SA ConCourt asked to hear spousal visa case
Publish date: 29 October 2018
Issue Number: 797
Diary: IBA Legalbrief Africa
Category: General
Should foreigners who marry in SA before the expiry of their three-month visitor visas be allowed to regularise their stay? In papers filed at the Constitutional Court, Home Affairs bluntly says ‘no’ and maintains that allowing this would lead to an abuse of immigration laws on a ‘drastic scale’, The Star reports. ‘Individuals will be able to travel to SA on a visitor’s visa and be immediately entitled to stay permanently at the expiry of the three months on the basis of an alleged spousal relationship,’ the department’s Rodney Marhule said in the papers. The affidavit was filed as a response to an application by two Cape Town couples who were angry over regulations that rule out their chances to acquire spousal visas. Home Affairs required the partners to travel back to their countries and obtain new visas there, something which the applicants maintained separated their families.

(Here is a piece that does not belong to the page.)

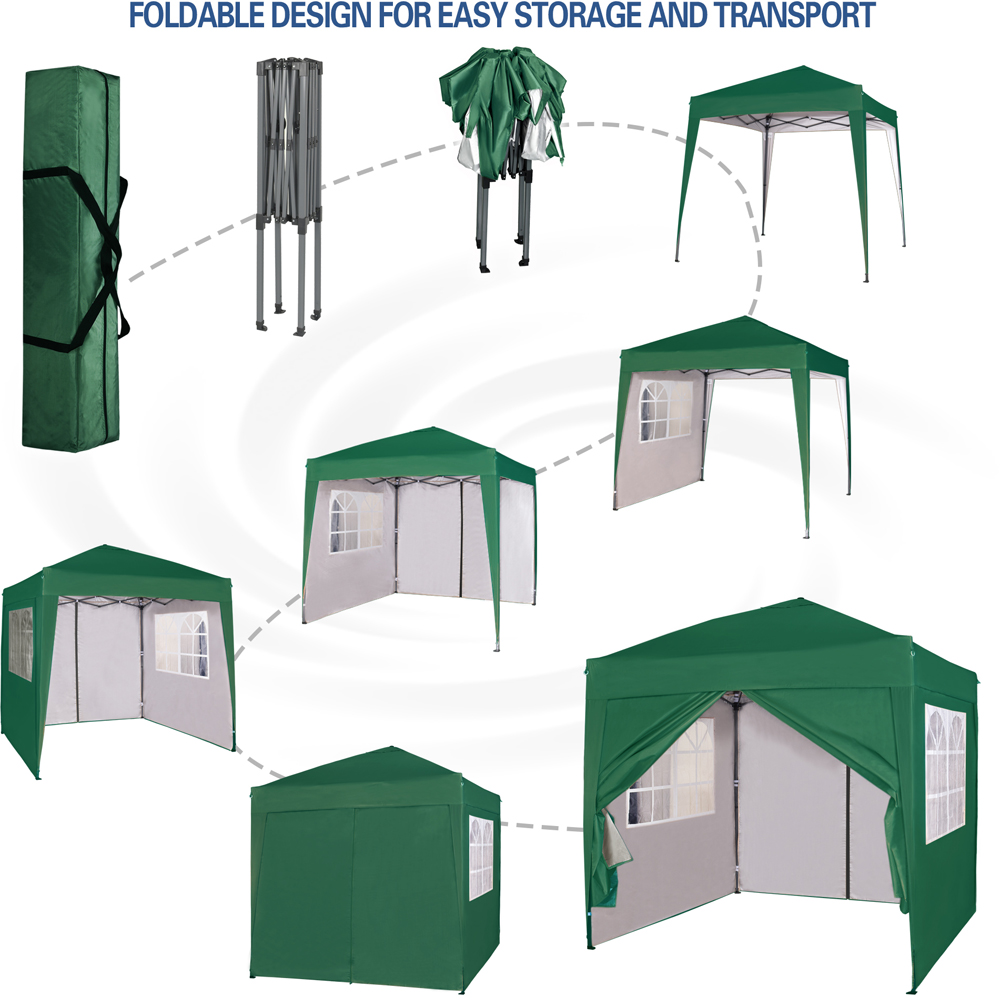 Green Pop Up Outdoor Canopy Tent with Removable Sidewalls 2 x 2m Image 3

Gary Simon Eisenberg, the attorney for all four applicants, said in the papers his clients sought to be allowed to obtain spousal visas without travelling back to their countries. ‘The applicants submit that the regulation constitutes an unjustifiable limitation to their right to dignity,’ Eisenberg said, adding it was also unclear how accepting these applications from within SA was more inconvenient than processing them via foreign embassies. But Marhule said the regulations were justified and were meant to prevent the defrauding of immigration processes.